Fed President Bullard Just Dropped Another Big Clue On When The Fed Could End QE

James Bullard

Photo: St. Louis Fed

Thursday’s release of the FOMC minutes from the Federal Reserve’s December monetary policy meeting threw markets for a loop.The minutes revealed that several members of the Committee favoured halting the Fed’s bond buying program – quantitative easing – by the end of this year, given current trends in U.S. economic data.

The revelation about quantitative easing is not inconsistent with the Fed’s public commitment in December to maintain ultra-low interest rates at least until the unemployment rate hits 6.5 per cent.

However, it gave the impression that the tone within the Federal Reserve is decidedly more hawkish than its recent policy announcement tying the interest rate outlook to unemployment thresholds would suggest.

St. Louis Fed President James Bullard was on CNBC Friday afternoon discussing the Fed’s stance on quantitative easing as detailed in the minutes.

CNBC reporter Steve Liesman asked Bullard, given the suggestion that the FOMC could end bond purchases by the end of 2013, when exactly markets could expect such a thing.

Bullard told Liesman:

I think unemployment will continue to tick down through 2013. If you look at the last three years – about seven-tenths per year on the unemployment rate – if we got that this year, we’d be down at 7.1 per cent by the end of the year, something like that. That would probably be substantial improvement, and the Committee could think about removing accommodation on the balance sheet side of the policy at that point.

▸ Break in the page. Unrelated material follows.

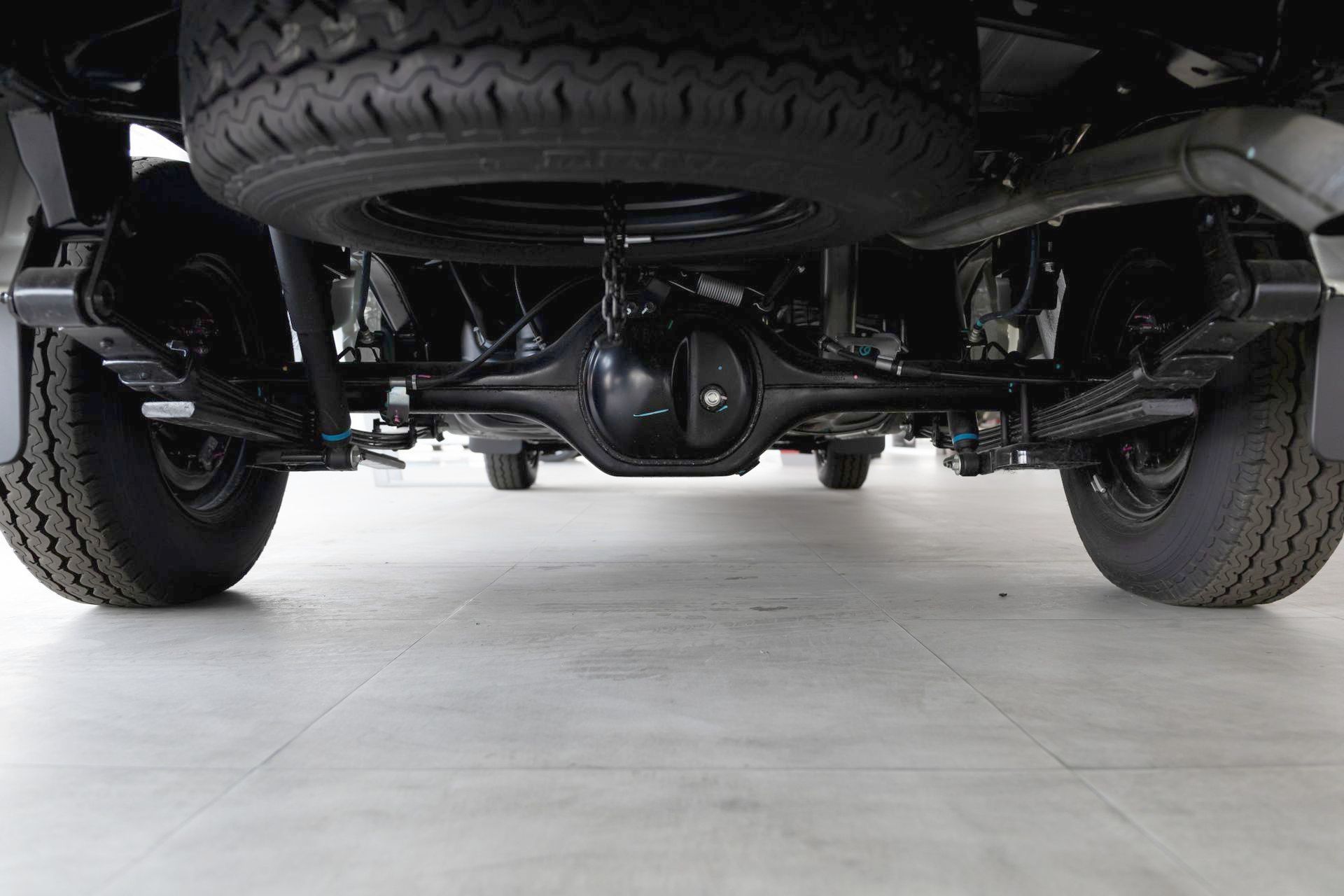 A close up of the underside of a car in a parking lot.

Liesman asked for clarification, and Bullard continued:

If you got down close to 7 per cent, then you’re within a half a point of your 6.5 per cent on the interest rate side, and I think clearly the intention is to pull back balance sheet policy sometime before you would start thinking about raising the rate.

Again, this isn’t inconsistent with what was said in the minutes, but it offers a big clue as to when the Fed might decide to pull back from its bond-buying efforts, and defines a bit more clearly what was revealed in the minutes released Thursday.